INFORMATION PROVIDED START

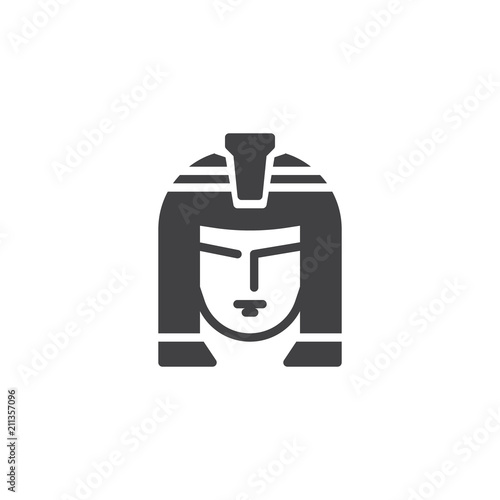 Cleopatra portrait vector icon. filled flat sign for mobile concept and web design. Egyptian queen Nefertiti simple solid icon. Symbol, logo illustration. Pixel perfect vector graphics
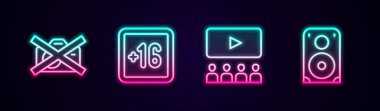 Satır Yasağı. Video kaydı yok. Ayrıca ekranlı 16 sinema salonu ve Stereo hoparlörü var. Parlayan neon ikonu. Vektör.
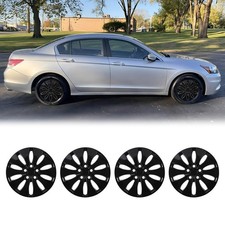 4set 16 Hubcaps For 2008-2012 Honda Accord Sedan Black Wheel Covers Blot On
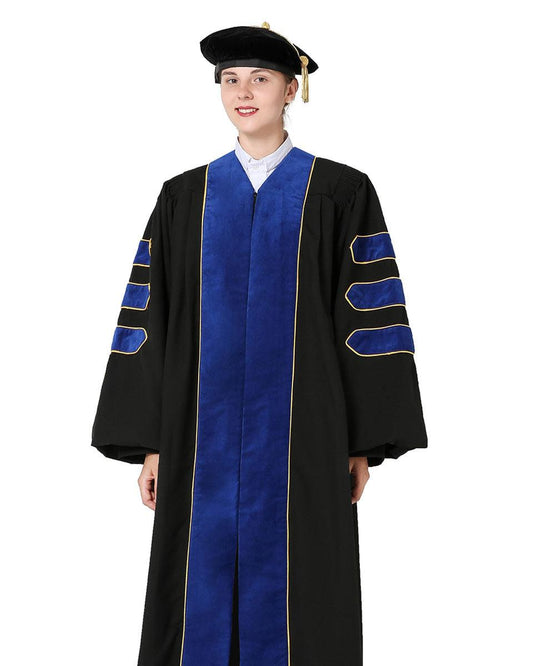 Deluxe Doctoral Tam, Gown & Hood Package - Phd Blue - Graduation Cap&Gown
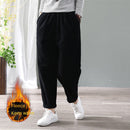 Velvet Warm Winter Pants for Women Elastic Waist Corduroy Harem Pant Loose Solid Pockets Oversize Streetwear Trousers Women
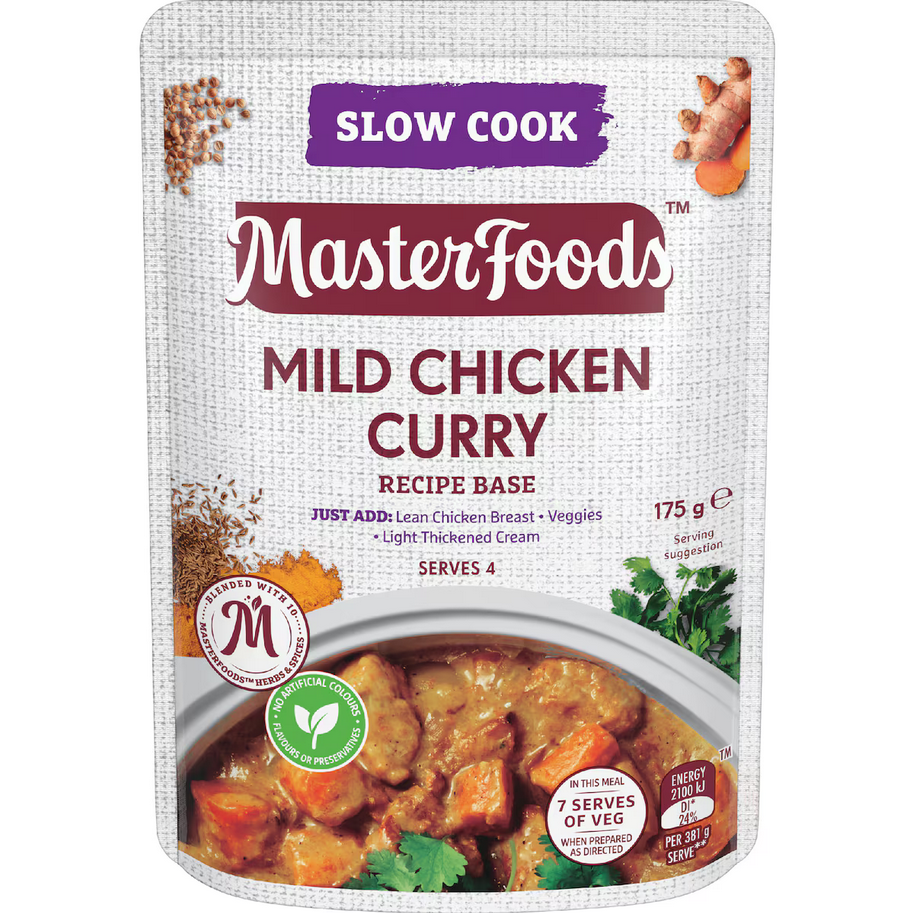 Base de recette au curry doux de poulet Masterfood
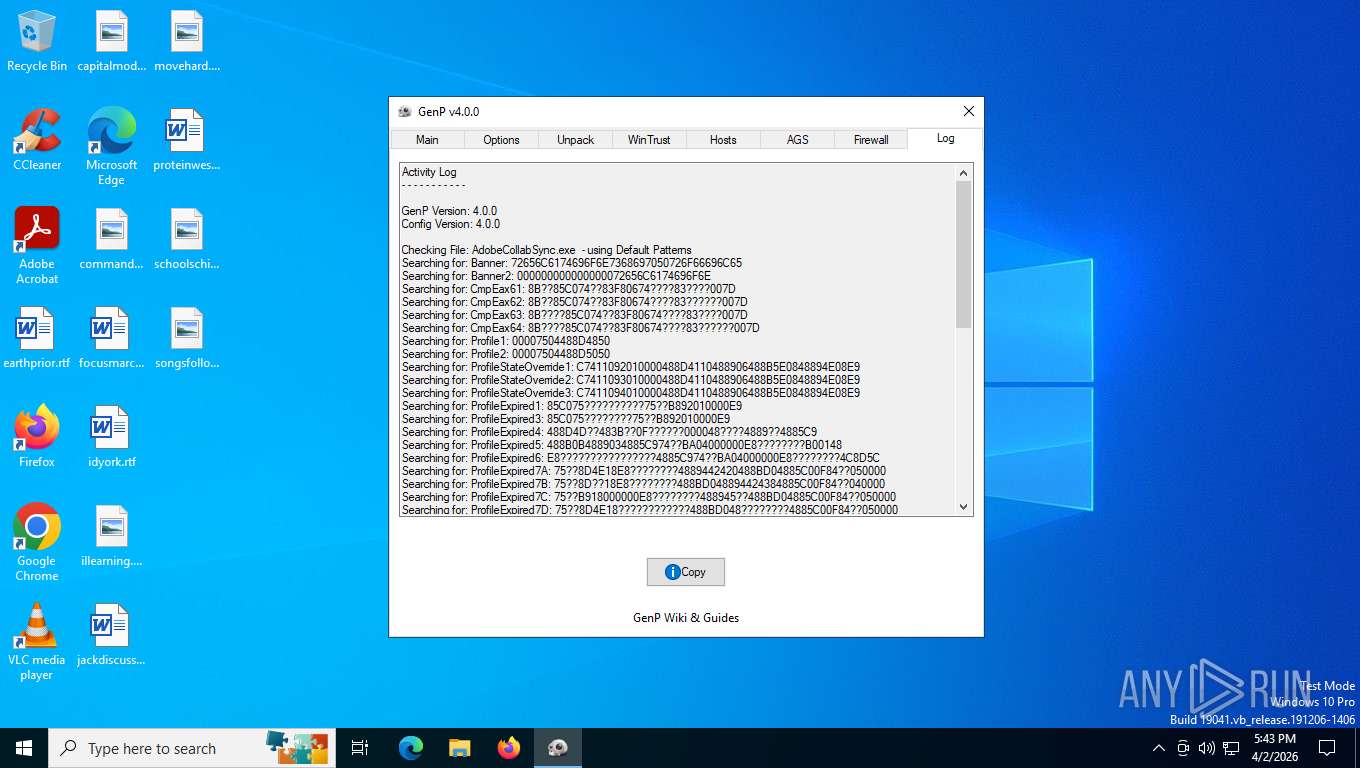 Malware analysis GenP-v4.0.0.exe Malicious activity | ANY.RUN - Malware ...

INFORMATION PROVIDED END

> _ABOUT THIS EXERCISE_
The answer must be an exact copy of the lines from the one that holds "Base de recette" through the end of the data, both included, with no pictures.

> _SOLUTION_
 Base de recette au curry doux de poulet Masterfood
 Malware analysis GenP-v4.0.0.exe Malicious activity | ANY.RUN - Malware ...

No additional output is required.